Little more than a year ago, headlines were made when the Santa Barbara School District sent out nearly 200 paychecks well short of their intended dollar amounts followed by the immediate and sudden resignation of then–payroll director Patricia Voigt. In the subsequent investigation and audit by the state’s Fiscal Crisis and Management Team (FCMAT), the district was found to have a wickedly derelict payroll system, rife with a wide variety of problems.

Now, despite assurances from district officials that such problems have long since been remedied, thanks in part to a new payroll coordinator hired last winter and a new system brought on line this summer, it appears the problems have returned. Taking to public comment during Tuesday night’s school board meeting, Paul Rooney with the California School Employees Association, who represents the school district’s classified employees, testified that a “large number of employees” were shorted up to $600 on their last paycheck sent out on September 30, and, to make matters worse, the district has been slow in responding. “Why do we have to beg to be paid in the same manner that we have been paid in the past?” questioned Rooney.

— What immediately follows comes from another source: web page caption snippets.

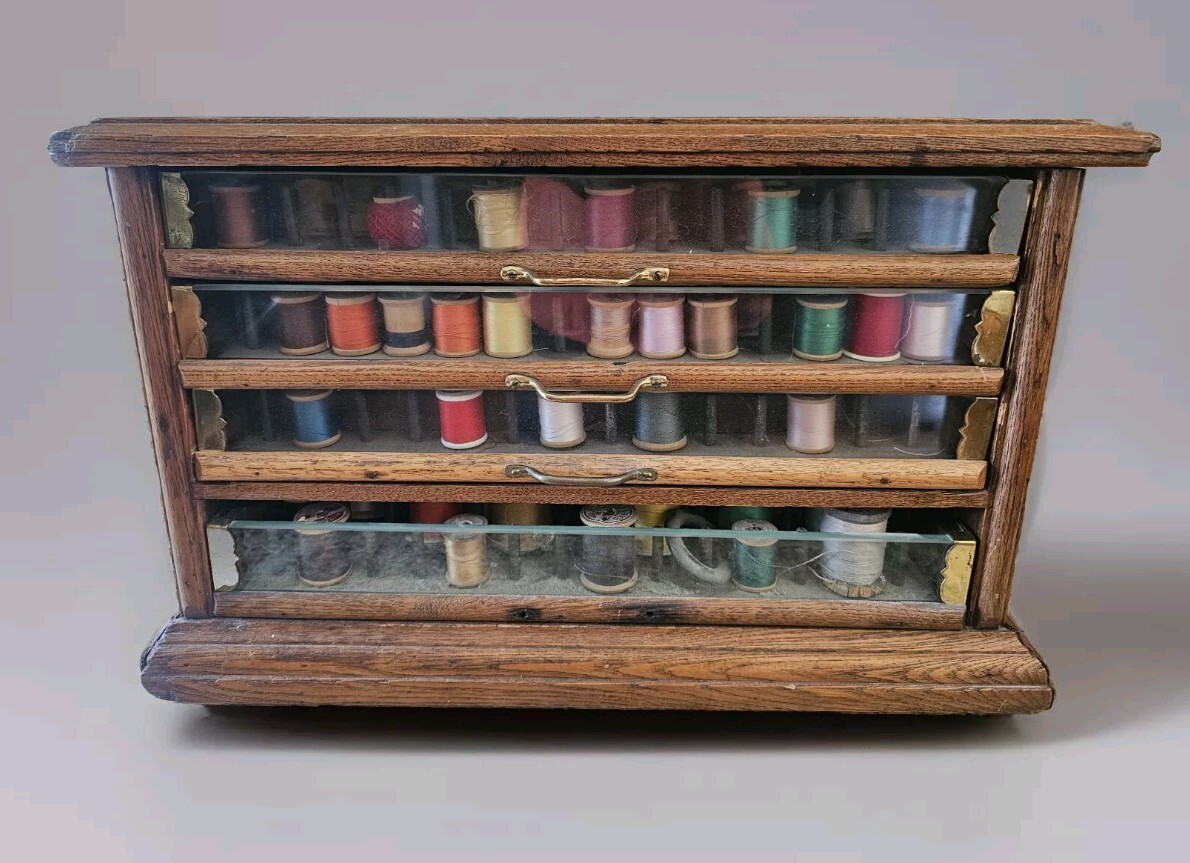 Early A.H. Rice & Co spool cabinet 4 drawer Wood Oak & Glass 19’W x 12″H x 18″D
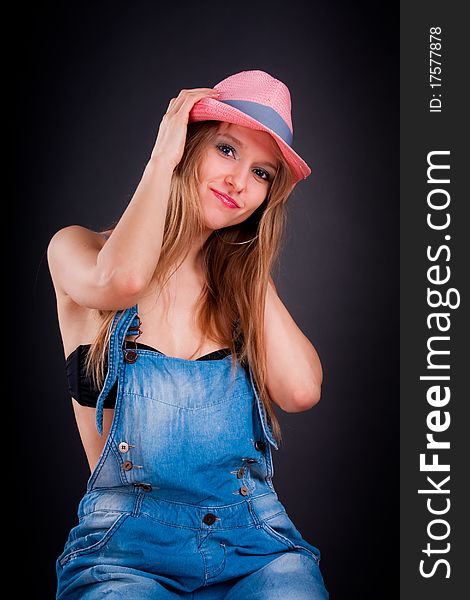 Pretty girl in pink hat and jeans overalls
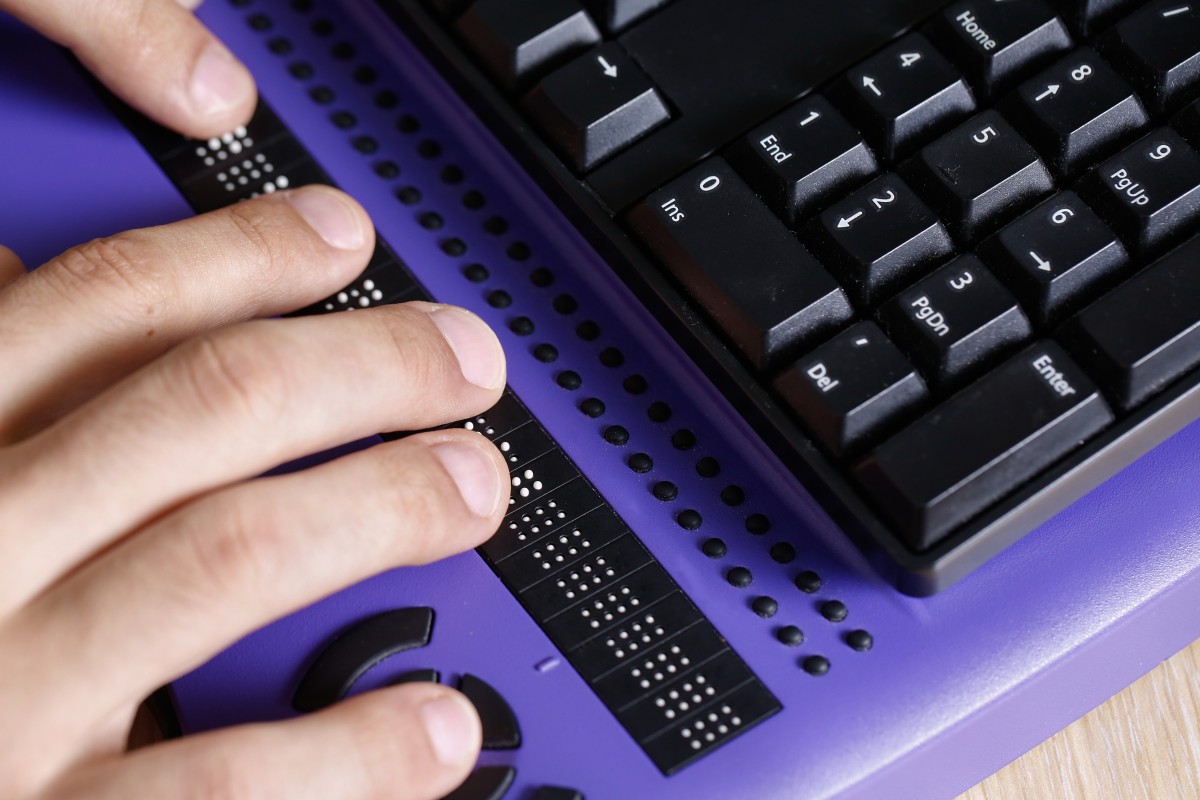 below a traditional keyboard is a braille interface for computing for sight-impaired users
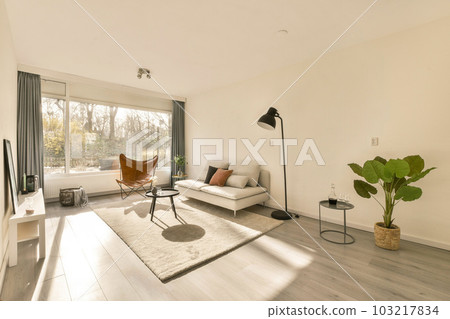 a living room with white walls and wood flooring in the center of the room, there is a large window looking out to 103217834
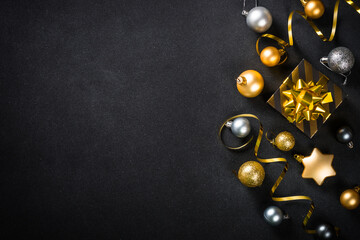 Black christmas background with golden decorations. Flat lay image with space for design.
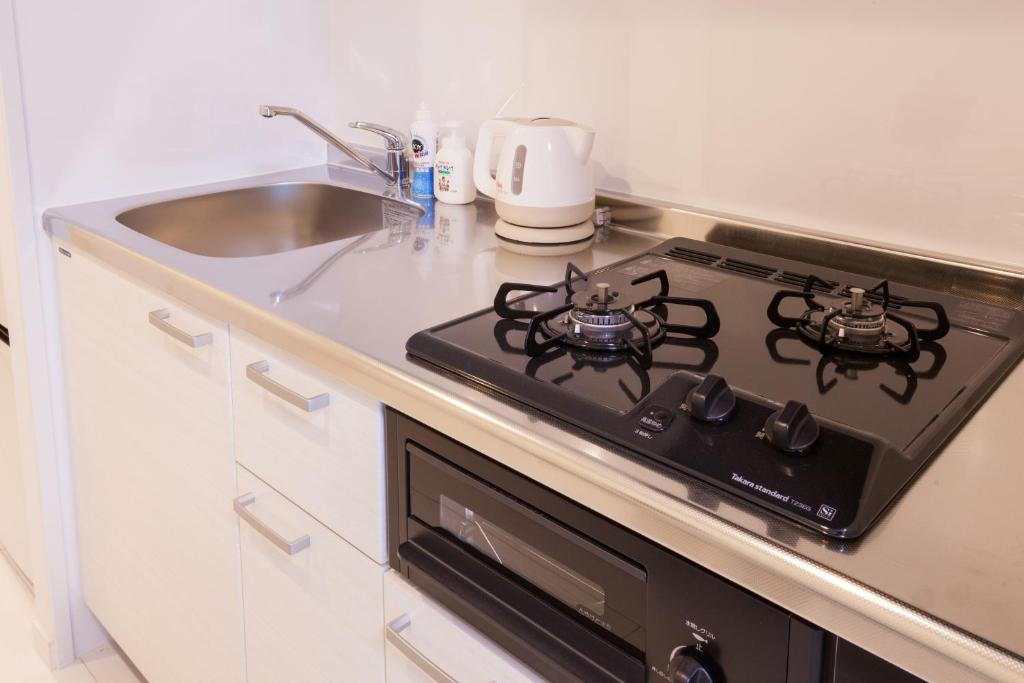 Living Inn Asahibashiekimae Anex 주방 또는 간이 주방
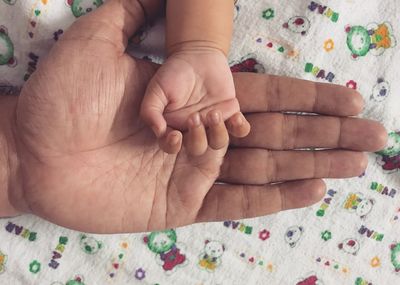 High angle view of person and baby hand on bed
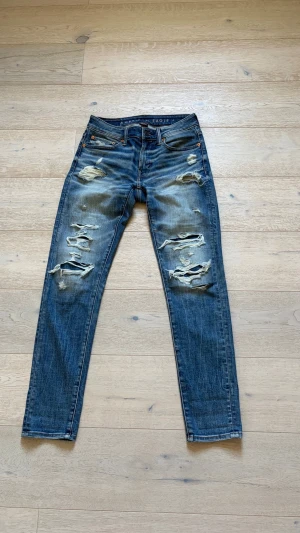 American Eagle jeans  - Säljer ett par blå  jeans med  slitningar och hål på framsidan. Jeansen har klassisk femficksdesign och fadear sjukt snyggt. Perfekta för en avslappnad och trendig streetstil.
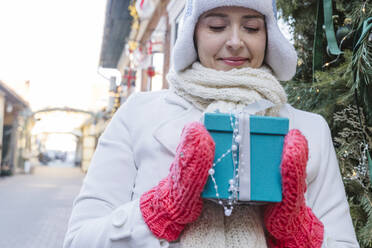 Woman looking at decorated gift box in Christmas - OSF02388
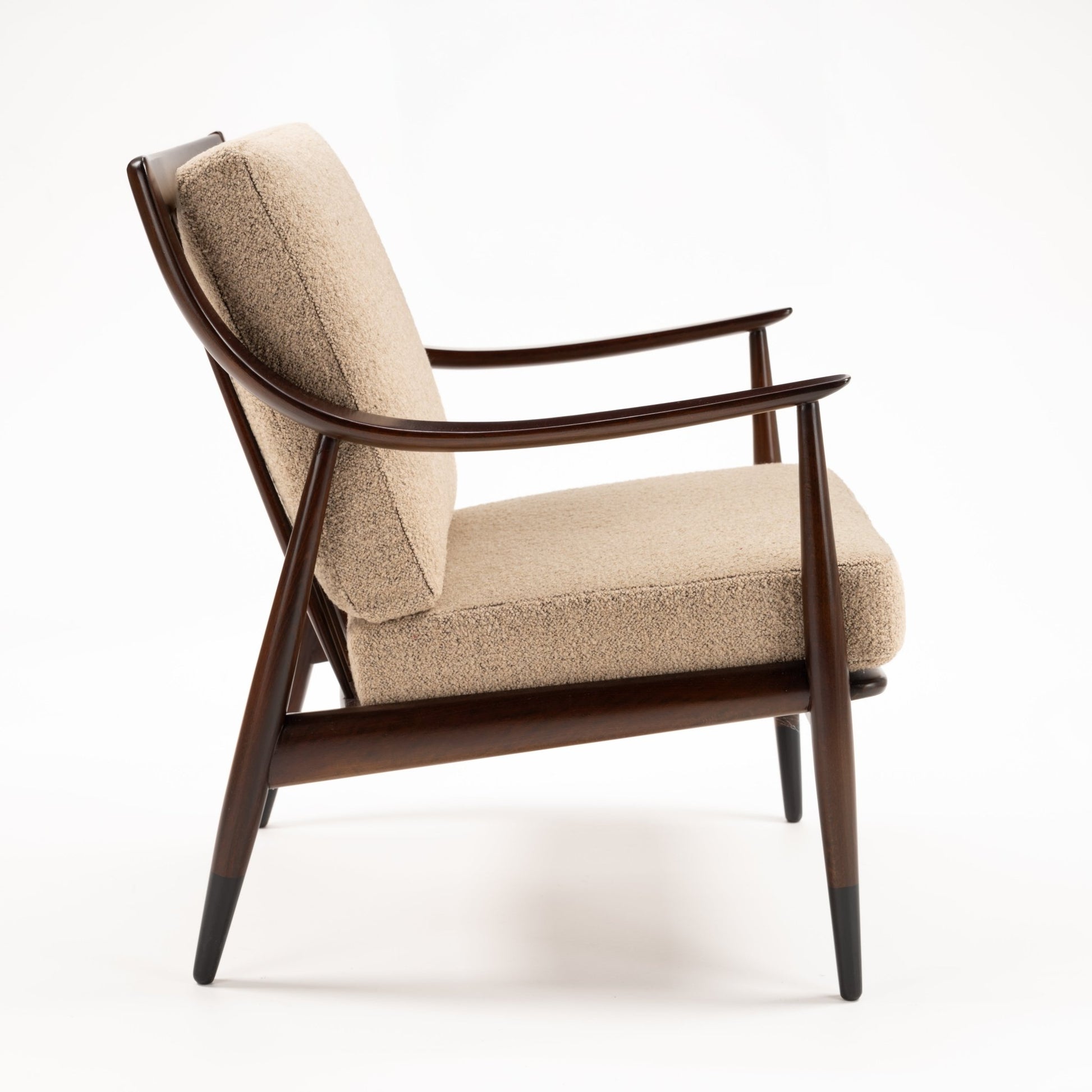 Peter Hvidt Model FD 145 Lounge Chair in side view with dark sculpted wood frame curved arms beige textured upholstery and tapered legs in vintage Danish furniture style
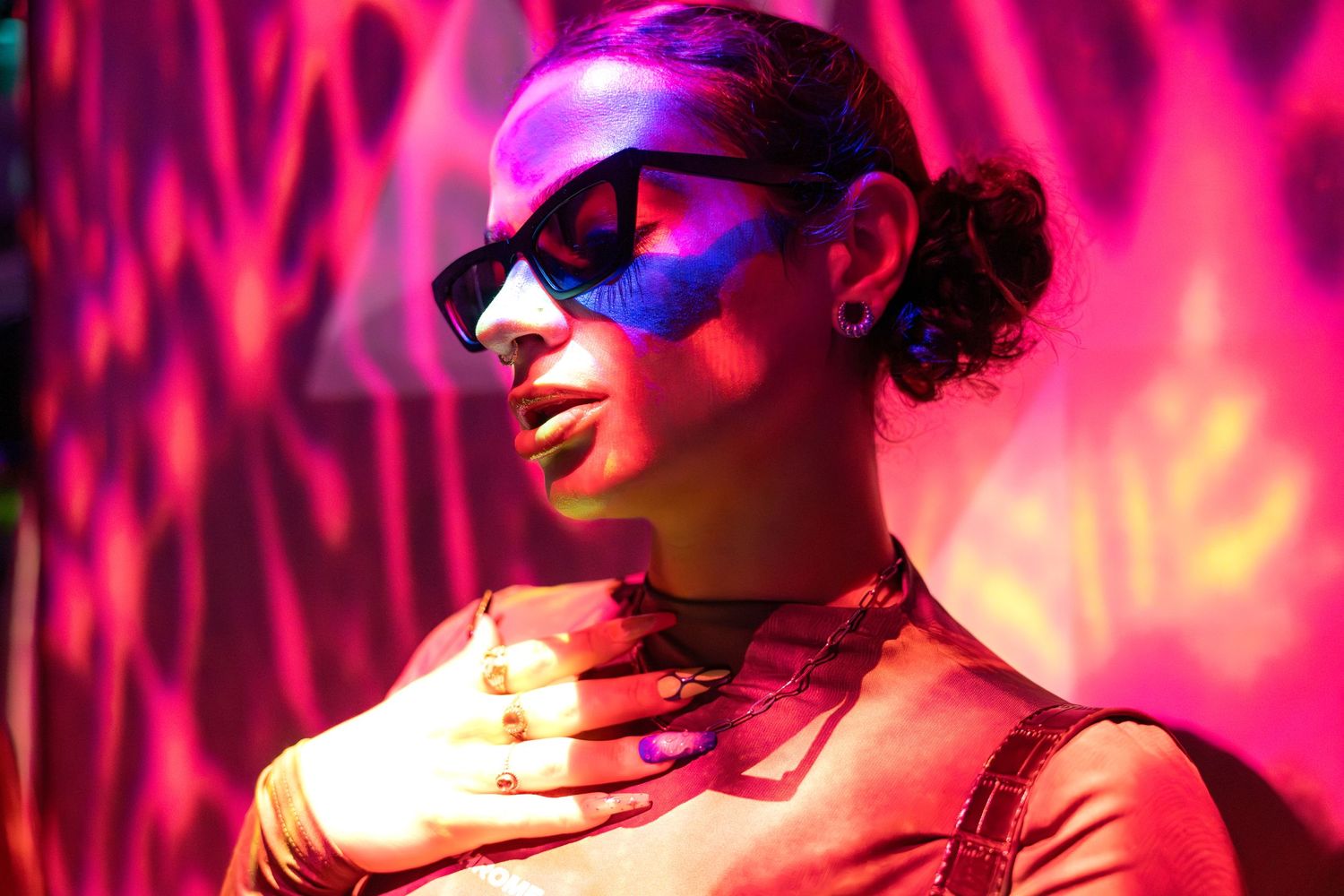 Vibrant neon-lit portrait of a stylish woman in sunglasses, bathed in bold pink and purple lighting at an urban creative space.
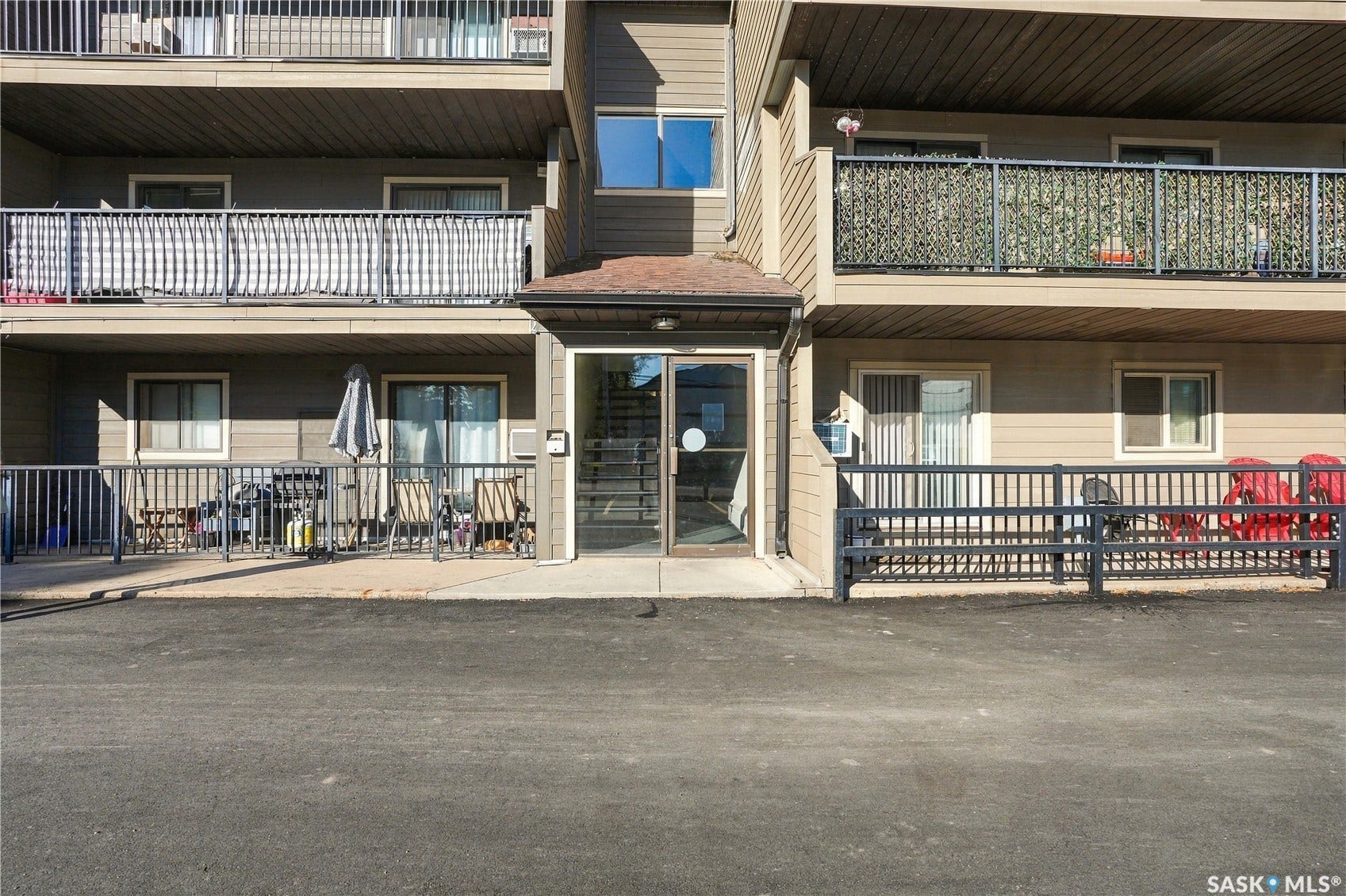 Multi-story building exterior with horizontal siding and multiple balconies with metal railings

Eric Smith, the district’s deputy superintendent and chief fiscal officer, explained last week to The Santa Barbara Independent — after allegations of a new payroll snafu first surfaced — that the problems were not actual money shortages, but rather that things like vacation time and sick leave totals had simply not been printed and thus distributed with the checks. However, Tuesday night after testimony from Rooney and actual classified employees who were on the receiving end of the short paychecks, Smith offered simply, “We are investigating the matter now.”